Work required: Reproduce only the lines that begin at the line with "Vintage Engraved Stylized" and run to the end of the entries; omit every picture.

Information shown:
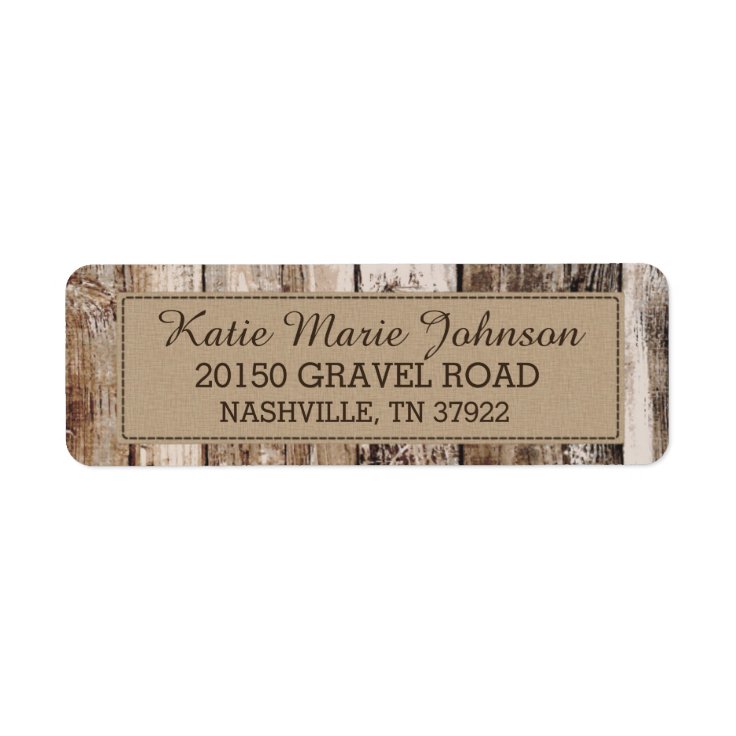 Rustic Wood Planks Country Western Wedding Label Zazzle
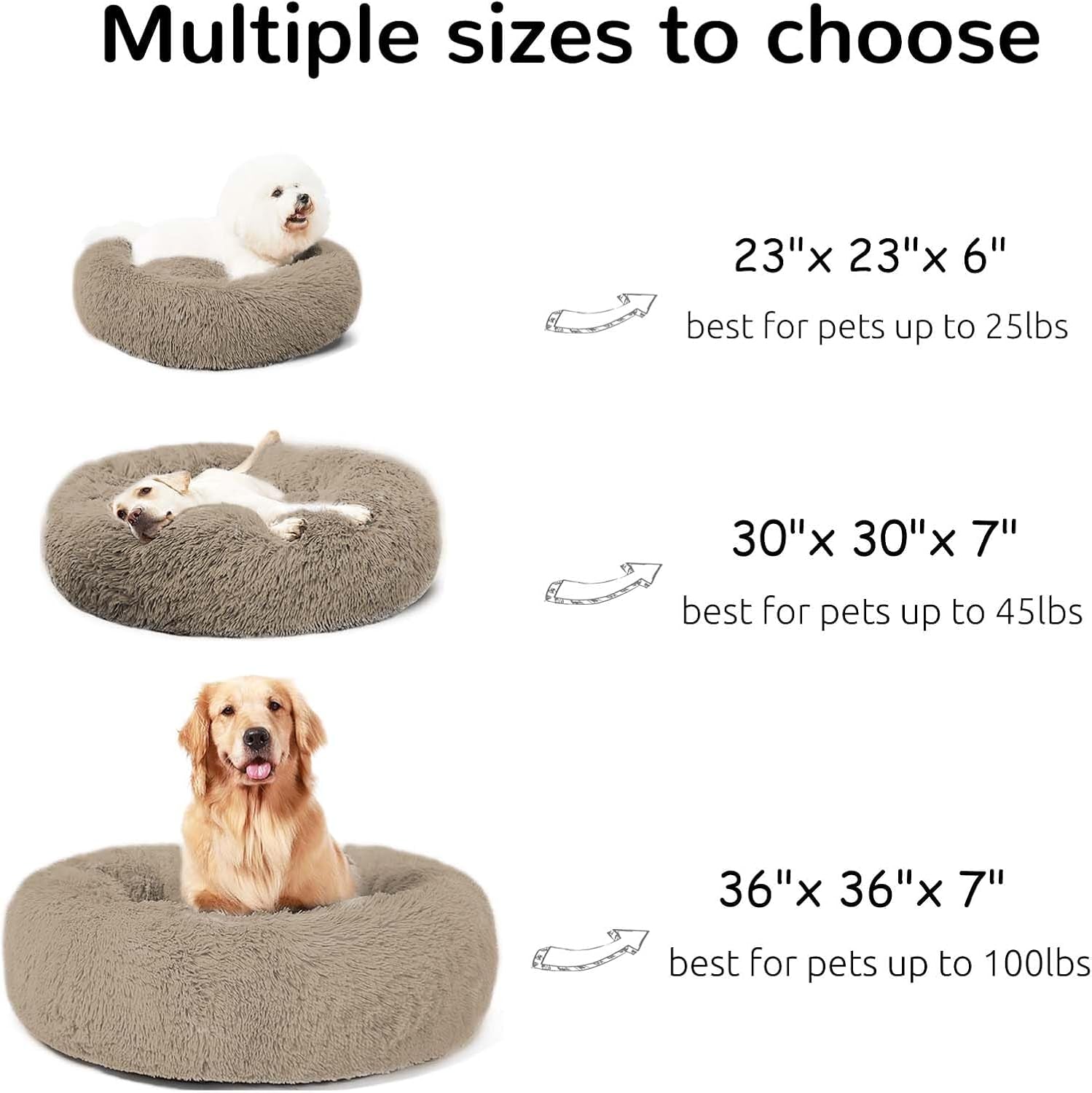 HACHIKITTY Calming Donut Cuddler Dog Bed, round Fluffy Pet Bed with Sewn-In Cushionfor Large Dogs,Washable, Large, Taupe, 30''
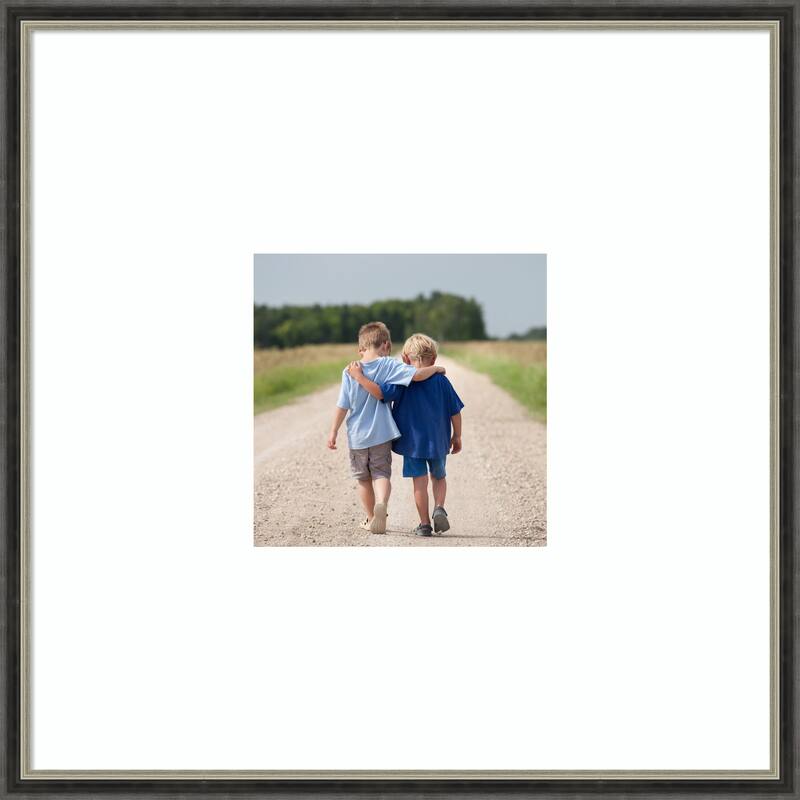 Theo Black Silver Narrow Framed Picture Frame, Photo Frame - 20x20 Matted White 8x8 - Theo Black Silver Narrow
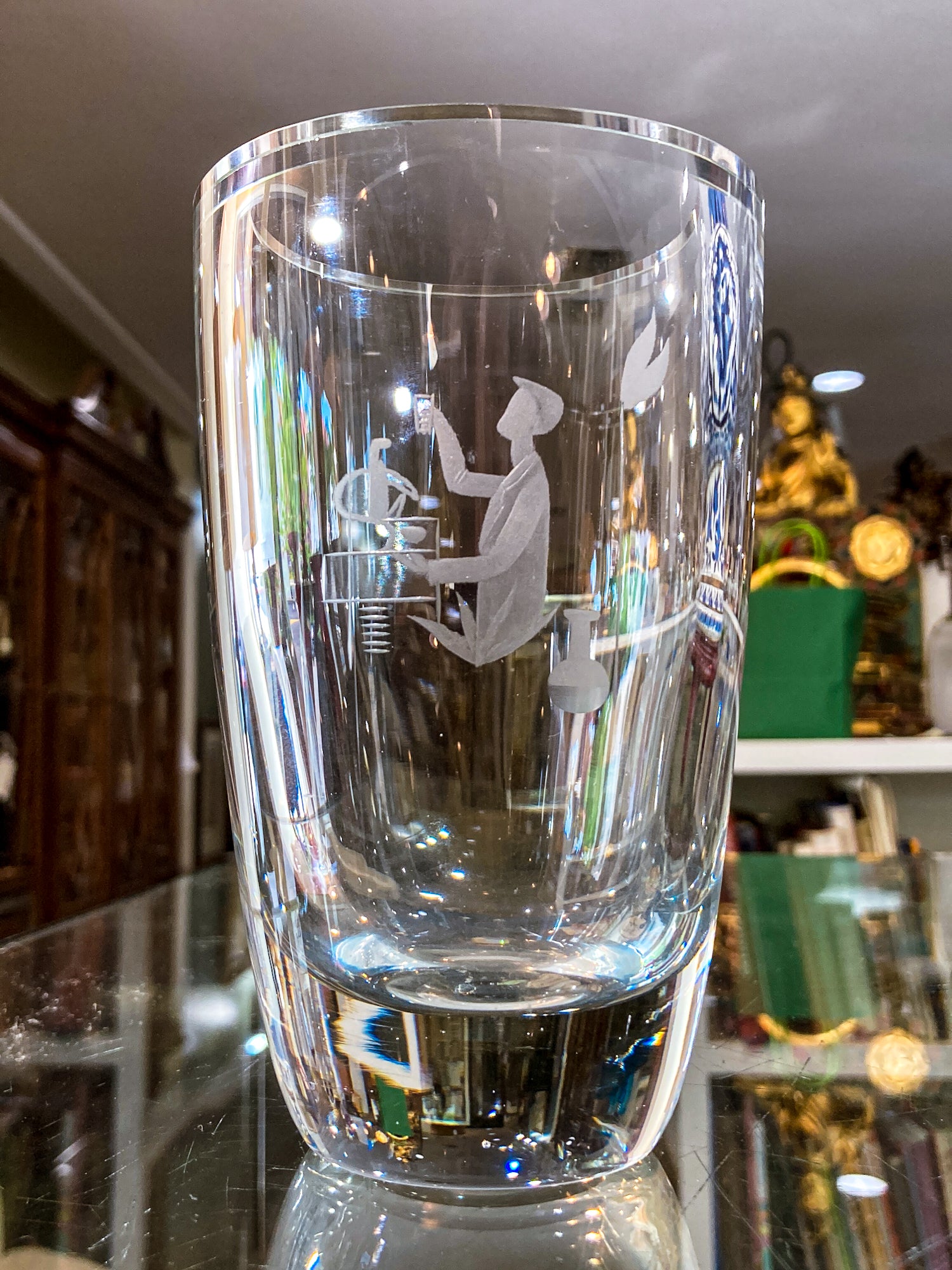 Vintage Engraved Stylized Chemist Design Swedish Clear Crystal Vase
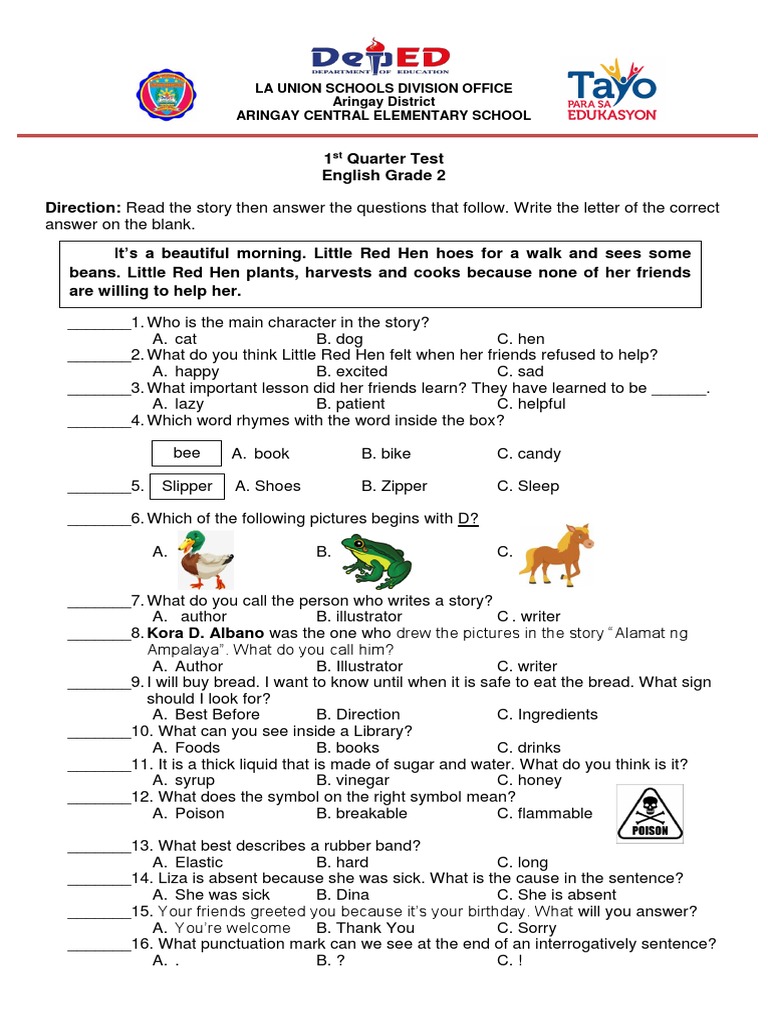 Grade 2 English 1st Quarter Exam | PDF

Finished task:
 Vintage Engraved Stylized Chemist Design Swedish Clear Crystal Vase
 Grade 2 English 1st Quarter Exam | PDF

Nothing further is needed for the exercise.